Any argument that says there’s no right or would have to justify why that position is right.
“To acknowledge the reality of moral life is to recognize that the world contains such things as kindness, as foolishness, as mean-spiritedness.”
Interestingly, each of those things can be defined without reference to a moral code. Kindness = acting in such a way as to increase the well-being of another person. Foolishness = acting in a way which is not likely to achieve your purposes. Mean-spiritedness = (approximately) the inverse of kindness. Nothing in those definitions implies that you ought or ought not do those things.
Having recently completed a seminar in metaethics, I’ll be insufferably didactic for a minute here. The anti-realist positions Gomes describes are called expressivism and prescriptivism respectively, and they are non-cognitivist positions, i.e. that moral discourse doesn’t even try to make truth-claims. I think this is *sometimes* true, but it’s also the case that often people (particularly conservative religious types) intend their moral claims to be straightforward factual statements. If you accept the latter, but dispute that any such claims can be true then you’ve adopted the anti-realist position known as Error Theory (due to J. L. Mackie).

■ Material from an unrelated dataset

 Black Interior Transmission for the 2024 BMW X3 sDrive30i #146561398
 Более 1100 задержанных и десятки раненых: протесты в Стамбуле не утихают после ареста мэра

The realism he attributes to Murdoch (whom I’ve never read) does sound unconvincing: How does looking at something “with love” allow me to *perceive* its essential moral qualities, as opposed to attributing or even constructing them myself? Also, moral psych is an actual field — it’s what Jonathan Haidt (among others) does. It’s largely about our reactions to morally salient situations — runaway trolleys, consensual sibling incest, moral judgment in the presence or absence of distractions such as bad smells (the ease with which that last can be manipulated weakens claims that we have any reliable perceptions).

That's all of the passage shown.